Professor Biodun Ogunyemi, President of ASUU, in an interview with the News Agency of Nigeria (NAN), in Abuja, said the lecturers are not civil servants.
“The directive was meant for civil servants; university academics are not civil servants,” Ogunyemi said.
“We have an understanding with the government to develop an alternative platform which would be sensitive to the operations of the university and accommodate its peculiarities.
“The platform we are developing will also respect the autonomy of our universities as obtained globally.
“The idea of seeking clearance from the Head of Service or the Office of the Accountant-General of the Federation is alien to university operations because it will halt its flexibility.
“The University Miscellaneous (Provisions) (Amendment)Act (2003), which government gazetted as University Autonomy Act (2007), has vested the powers of personnel and payroll system issues in the hands of each university’s governing council,” he said.
Buhari, while presenting the 2021 Budget at a joint session of the National Assembly on Thursday, said that only federal workers captured by the IPPIS would continue to receive salaries.
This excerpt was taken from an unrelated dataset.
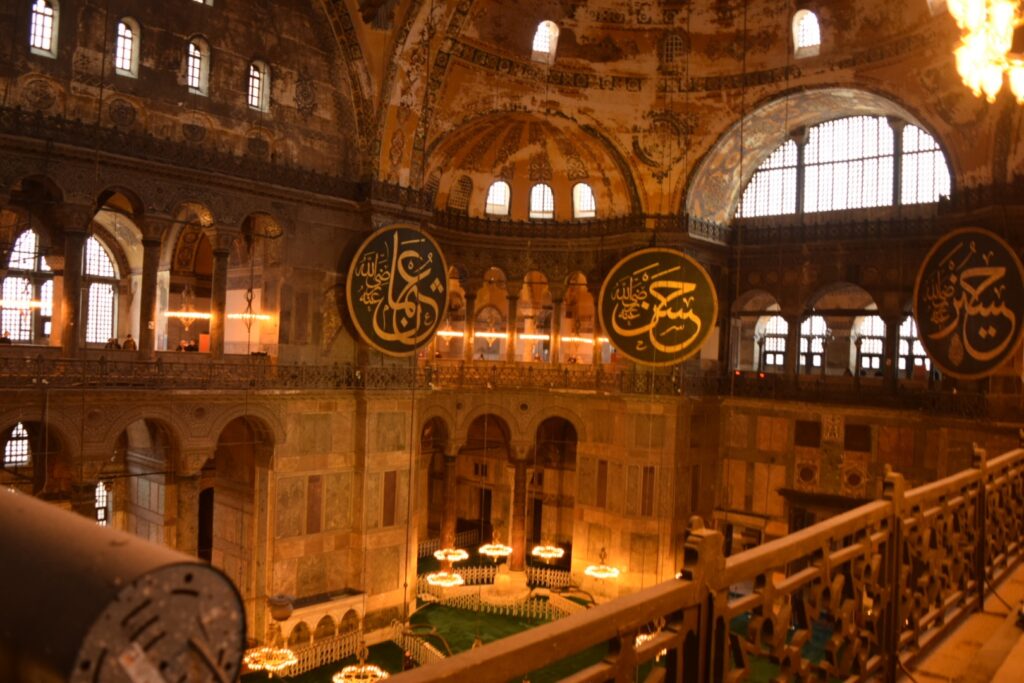 アヤソフィアとバシリカシスタンの優先入場チケットKlook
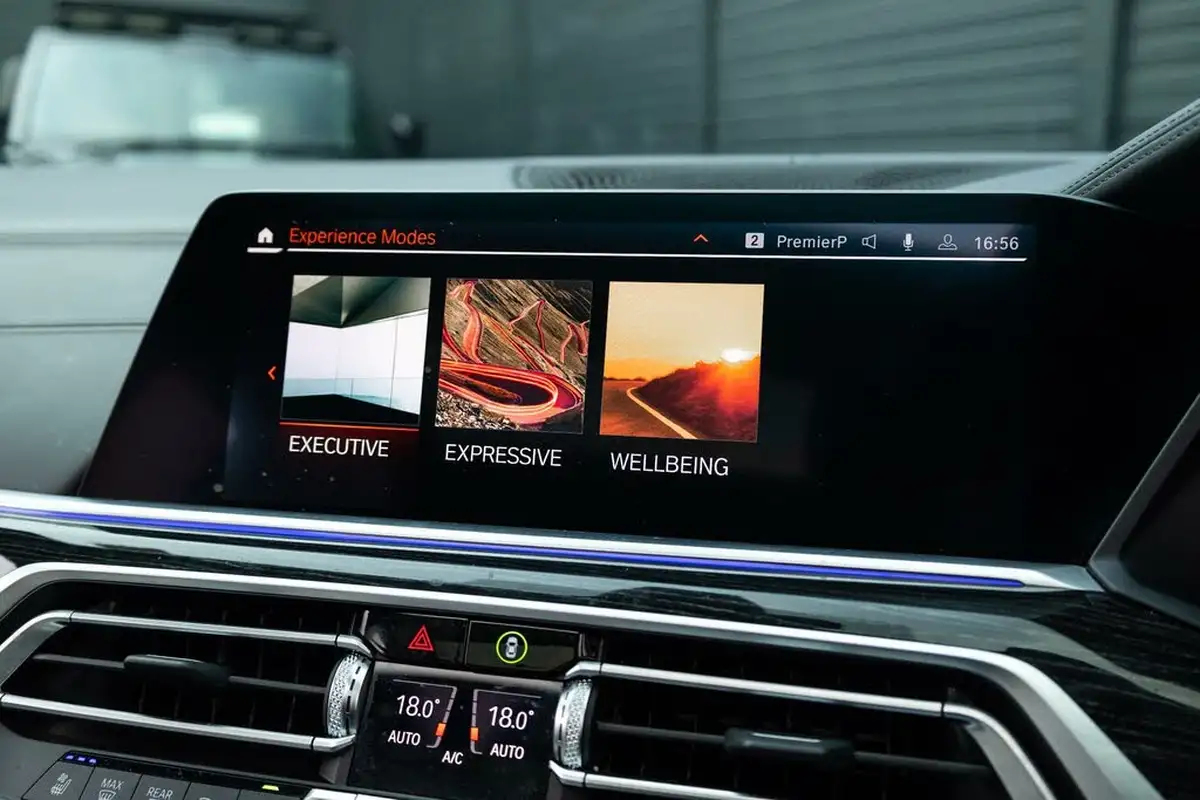 2020-bmw-x7-30td-m50d-big-45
He ordered all federal workers to enroll into the IPPIS platform, declaring that the platform was meant to check fraud, including the payment of salaries to non-existent personnel and payment of unauthorised allowances.
Ogunyemi added that ASUU, on January 9, 2019, ”reached an understanding with Mr President to develop its proposed University Transparency and Accountability Solution (UTAS), for testing and adoption for managing personnel information and payroll system in the universities”.
“We have since done that and presented to the Federal Ministry of Education. What is left is to present to other major stakeholders, particularly in the Ministry of Finance, Budget and National Planning.
“The development of UTAS was done at no cost to the government. We used contributions from the check-off deductions of ASUU members to finance the project and this cost us millions of naira,” he said.
University teachers have been on strike since February to register their disapproval of government’s insistence that they must be captured on the IPPIS platform if they were to receive salaries.
They have also cited other issues bordering on welfare and more funding for the universities as some of their reasons for abandoning the classrooms.